Thymulin is a nonapeptide (9-amino acid) hormone produced exclusively by thymic epithelial cells — the only thymic hormone with a fully identified primary structure and a specific receptor on T-lymphocytes. Unlike Thymogen (a stimulatory dipeptide) or Thymosin Alpha-1 (a T-cell maturation hormone), Thymulin functions as a specific thymic signal that promotes the final maturation steps of T-lymphocyte differentiation — the conversion of pre-T cells into fully functional, antigen-responsive mature T cells capable of executing adaptive immune responses.

Thymulin requires zinc as an obligate cofactor for biological activity: the zinc-complexed form (Zn-Thymulin) is the active hormone, while the unbound peptide is inactive. This zinc dependence makes Thymulin one of the most informative biomarkers of thymic function — serum Thymulin levels fall dramatically with thymic involution and aging, can be partially restored by zinc supplementation in zinc-deficient elderly, and serve as a measurable index of residual thymic activity. The decline in Thymulin is measurable from adolescence and parallels the progression of immunosenescence.

The biological role of Thymulin centers on T-cell terminal differentiation and phenotypic identity. Thymulin induces expression of T-cell surface markers (CD3, CD4, CD8, TCR components) that define T-cell identity and function, enhances T-cell responsiveness to mitogenic stimulation, supports the development of regulatory T-cells (Tregs) that prevent autoimmunity, and modulates the balance between Th1 and Th2 T-cell subsets that determines immune response character. These activities are distinct from and complementary to Thymogen's T-cell activation effects and Thymosin Alpha-1's broader thymic hormone roles.

Khavinson group and broader thymus research has documented Thymulin's immunological effects extensively. In aging animal models with depleted Thymulin levels, exogenous Thymulin administration restored T-cell surface marker expression, improved T-cell mitogenic responses, and reduced autoimmune markers — outcomes consistent with restored T-cell terminal differentiation. Clinical studies in immunosuppressed patients (HIV, chemotherapy-induced lymphopenia, elderly with documented immunosenescence) showed improved T-cell counts and function, reduced infection rates, and normalized T-cell subset ratios following Thymulin treatment courses.
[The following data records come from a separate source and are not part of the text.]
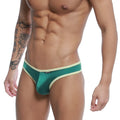 Emerald green shimmering fabric briefs with cream waistband and trim u station encore bikini green u0082 301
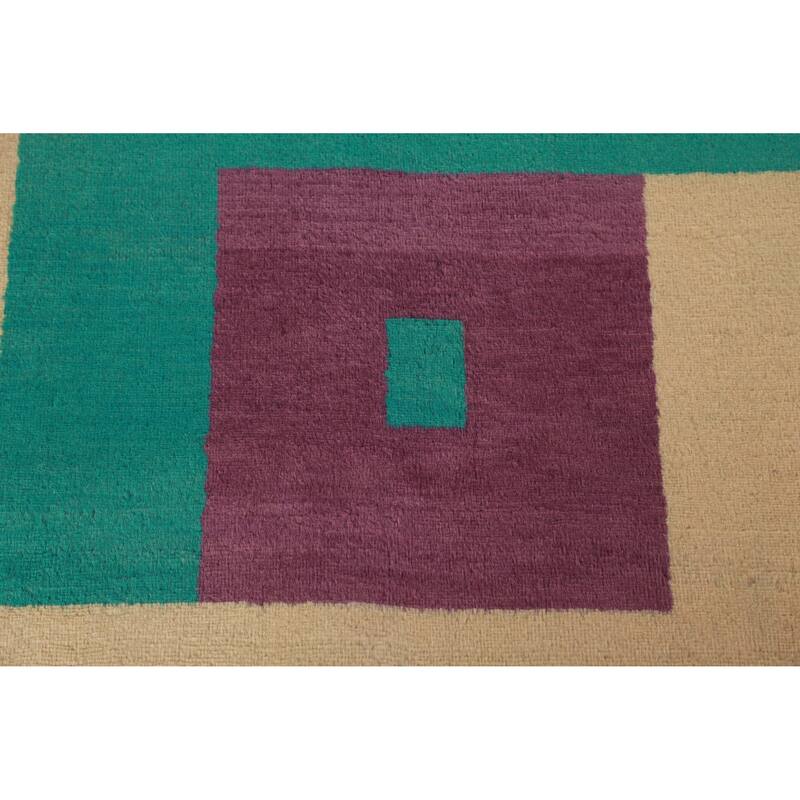 Hand Knotted Oriental 100% Wool Carpet Modern Geometric Purples Gabbeh Area Rug - 7' 3'' X 5' 2''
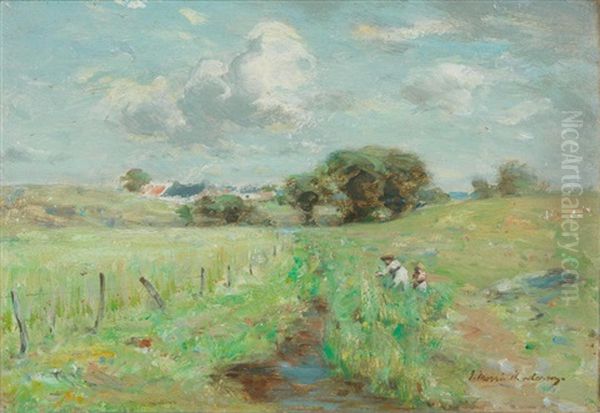 Children Playing By A Burn - view 1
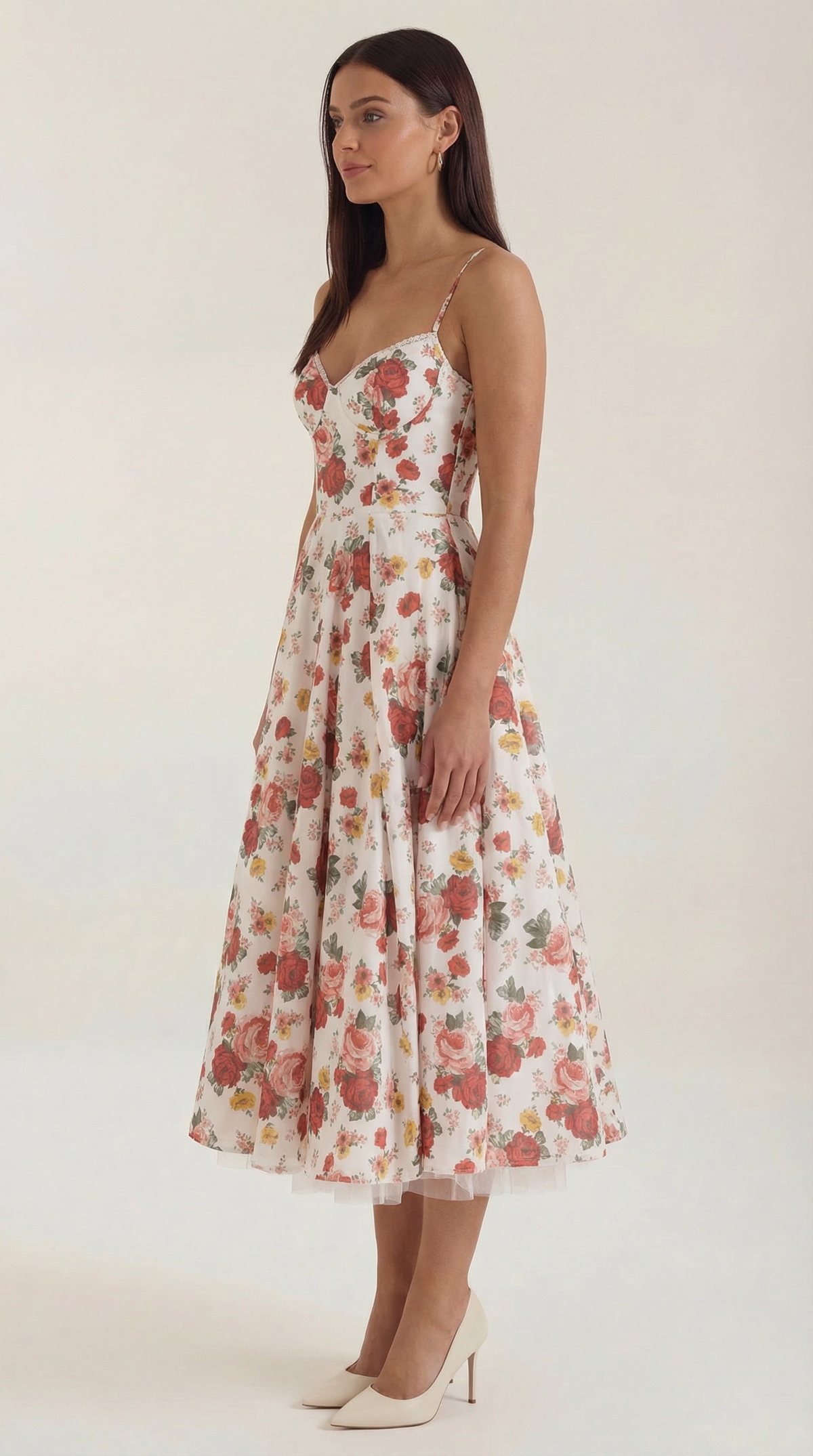 Elegant Tulle Cocktail Dress for Women with Sweetheart Neck Spaghetti Strap Fit and Flare Midi Party Style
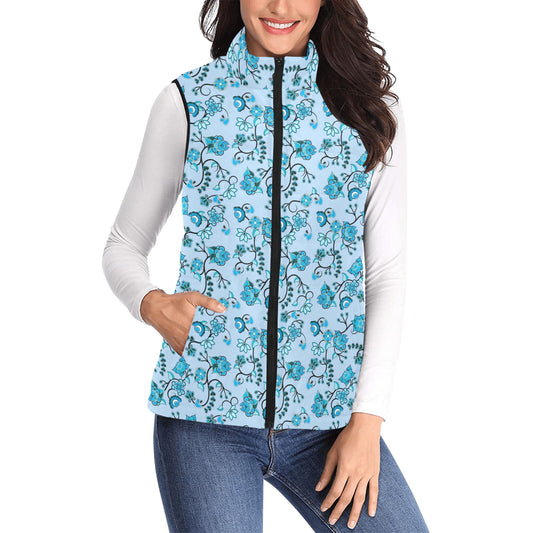 Blue Floral Amour Women's Padded Vest Jacket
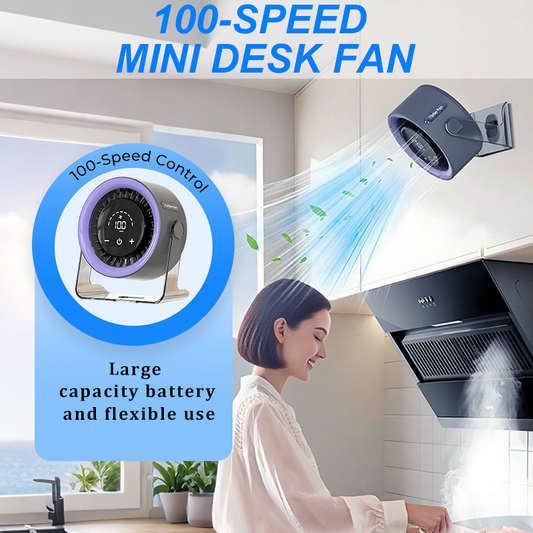 💥[Onmisbaar bij hittegolven] Bureauventilator met LED-display, USB-voeding, draagbaar, 100 snelheden, 120' kantelbaar, stil, lange batterijduur, oscillerende tafelventilator voor de slaapkamer, kantoor, thuis en op de camping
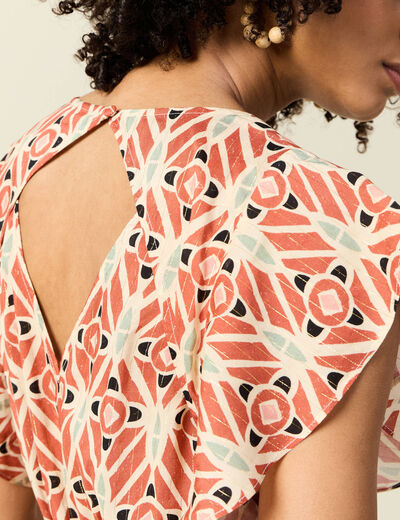 Robe longue droite fluide terracotta femme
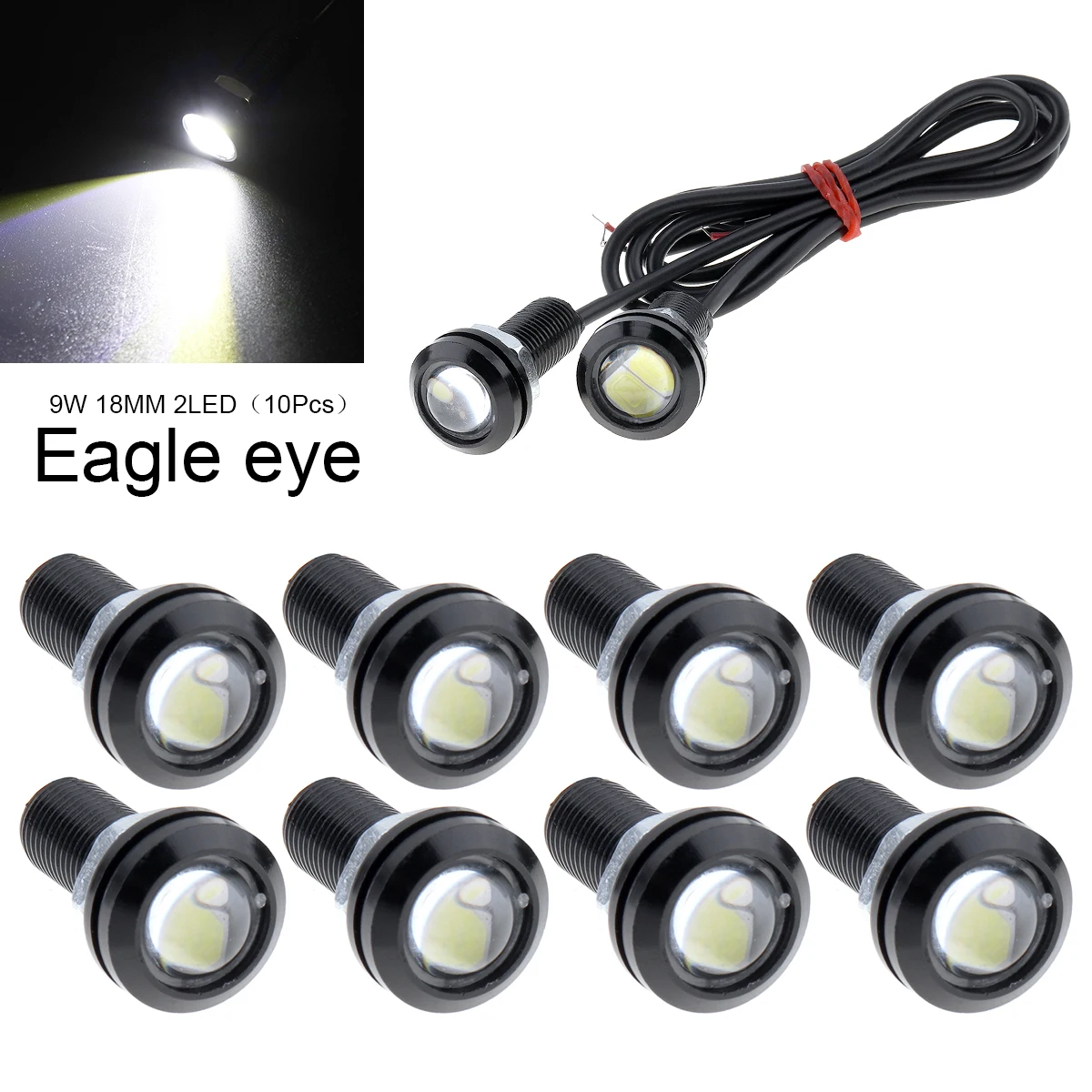 10 x 9W 900LM 18mm DRL Daytime Reversing LED Eagle Eye Car Fog Backup Parking Signal Light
A noteworthy application of Thymulin is autoimmune modulation. By supporting Treg development, Thymulin contributes to the immune self-tolerance mechanisms that prevent autoimmune activity — an increasingly relevant consideration in aging populations where declining Thymulin is associated with increased autoimmune dysregulation and inflammaging. This immunomodulatory balance role distinguishes Thymulin from purely stimulatory immunological peptides.

Protocol: 1–2mg/day for 10 consecutive days, subcutaneous injection, 2–4 times per year. Zinc co-supplementation (15–30mg elemental zinc/day) during and between courses is recommended to ensure cofactor availability for Thymulin bioactivity.